Máscaras, descartáveis e 'saideira' cedo: o retorno das casas noturnas

Ana Beatriz Garcia
| Tempo de leitura: 3 min

Se antes a vida noturna começava a esquentar depois das 21h e a saideira passava das 3h, hoje, a noite bauruense está bem mais contida. Apesar do retorno de alguns estabelecimentos, desinfetantes, máscaras e álcool em gel agora fazem parte do "rolê". Com essas e outras diversas alterações, proprietários de alguns bares e casas noturnas de Bauru falaram com o JC Cultura sobre como têm sido a retomada.

Seguindo os protocolos pautados pelo Plano São Paulo, uma das principais mudanças foi em relação à capacidade de público, reduzida a 60%, em um primeiro momento, e posteriormente fixada em 40%. "Trabalho com reservas de mesas para poder organizar o local, com distanciamento correto. Com essa porcentagem, consigo receber no máximo 42 pessoas sexta, sábado e domingo e 22 nas quartas e quintas. O público vem aceitando muito bem e lotando a capacidade da casa aos finais de semana", afirma o proprietário do James Joyce Irish Pub, em Bauru, Fernando Gimenes.

Também atuando com capacidade reduzida, neste caso com no máximo 160 pessoas, o Buteco do Rastro voltou a funcionar de uma forma bem diferente da conhecida pista de dança lotada ao som do sertanejo. "Colocamos as mesas espaçadas para no máximo quatro pessoas, no local onde era utilizado para o público dançar. Ainda assim, alguns clientes questionam e querem dançar de máscara, o que não é permitido", conta André Brumati, proprietário da casa noturna. "Fizemos alterações, como o uso de descartáveis também", completa.

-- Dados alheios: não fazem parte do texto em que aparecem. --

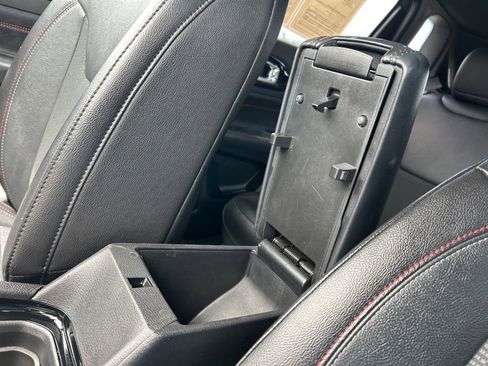 Used 2024 Jeep Compass Trailhawk image 32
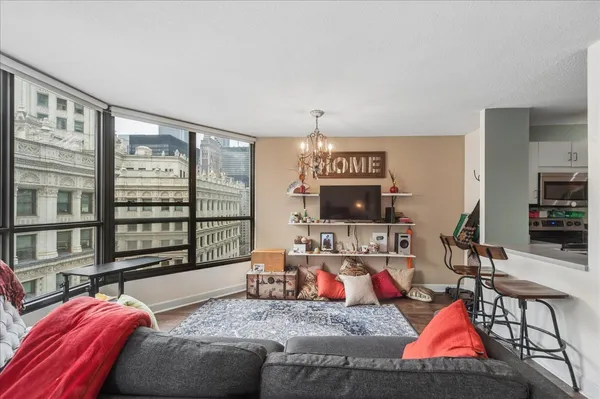 $1,950 | 405 North Wabash Avenue, Unit 1812, Chicago, IL 60611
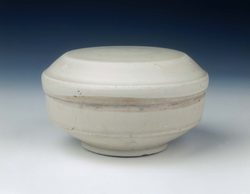 Xing stoneware white glazed covered boxFive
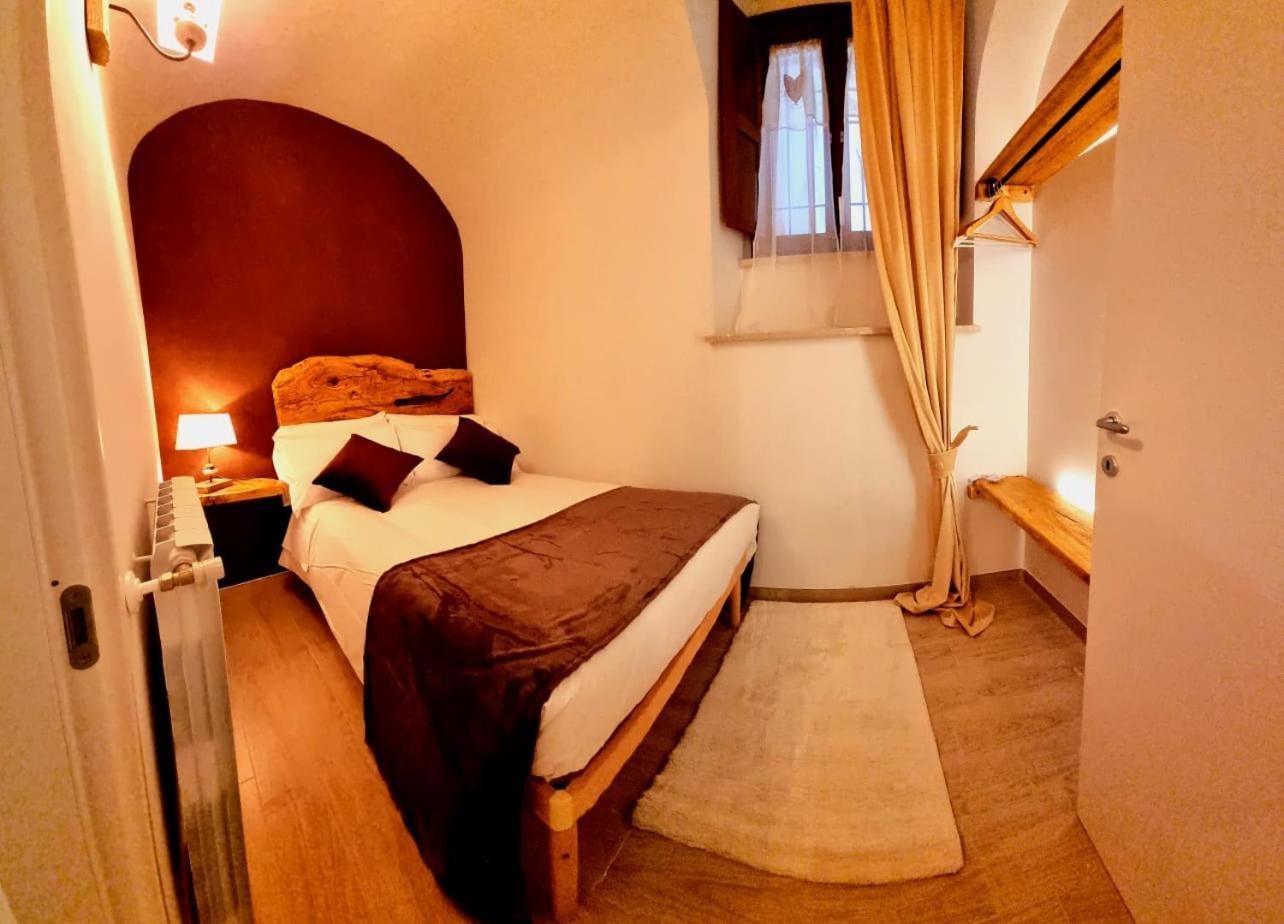 Hotel Dimora Grotta Masciarelli LʼAquila Pokoj fotografie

Além disso, ele ainda comenta sobre a grande procura que o local vem recebendo, tendo até notado uma nova clientela por ser uma da poucas opções da cidade. "Já conversei com donos de outros bares e sei que a situação é essa. Muitas vezes, temos que pedir para que as pessoas voltem outro dia com reserva prévia e não conseguimos recebê-las para não exceder o limite", afirma.

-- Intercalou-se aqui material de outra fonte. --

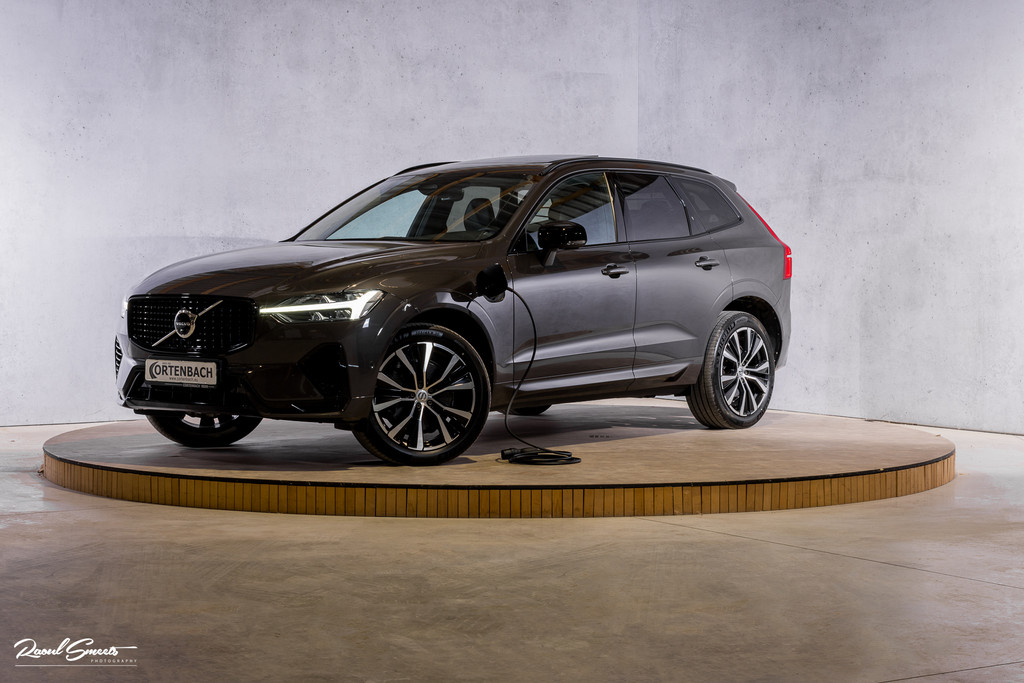 Volvo XC60 2.0 T6 Plug-in hybrid AWD Plus Dark Long Range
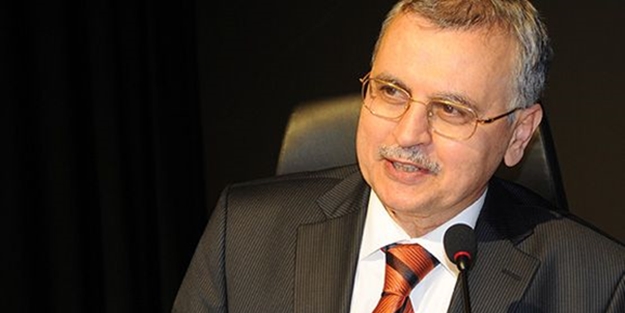 Yazar Ahmet Akgündüz'den çok tartışılacak Yaşar Kemal yorumu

Já no Voodoo Lounge Pub, localizado na região mais central da cidade, as restrições de horário têm sido o maior desafio, até o momento. "O bar já não aguentaria mais ficar fechado sem decretar falência, mas, se eu pudesse, ainda não teria reaberto por precaução", afirma David Calleja, dono do local. "Estamos abrindo bem mais cedo do que era o costume e fechando ainda mais. Fechávamos depois das 3h, mas, nesse cenário, passo a saideira por volta das 22h30", afirma.

MAIS CURTO

Todos os locais entrevistados comentaram sobre os impactos da restrição de horário em seus empreendimentos. "Muitos não sabem que a casa fecha às 23h e chega às 22h no bar. Horário que antes era tranquilo para começar a noite", diz Fernando, do James Joyce. David, do Voodoo, ainda completa que, por ter um ambiente pequeno, têm recebido ainda menos pessoas do que a capacidade de 40% permite. "Atendemos cerca de 30 pessoas apenas, todas sentadas nas mesas, bem diferente do que era antes. Tivemos de nos adaptar em tudo. Assim que chegam, os clientes são orientados a utilizar máscaras, a não irem ao balcão e não consumir nada em pé", destaca o proprietário do Voodoo que acrescenta sobre o horário de funcionamento. "Como as pessoas chegam mais tarde e fechamos cedo, fica difícil manter o bar com, praticamente, duas horas de expediente", conta.

Ainda que com muito álcool em gel, restrições e horário limitado, os entrevistados garantem que grande parte do público tem respeitados as normas e voltado a se divertir em segurança. "Estão gostando de ter a oportunidade de sair de casa, tomar um drink e estar, ainda que por pouco tempo, na companhia dos amigos", finaliza David, do Voodoo.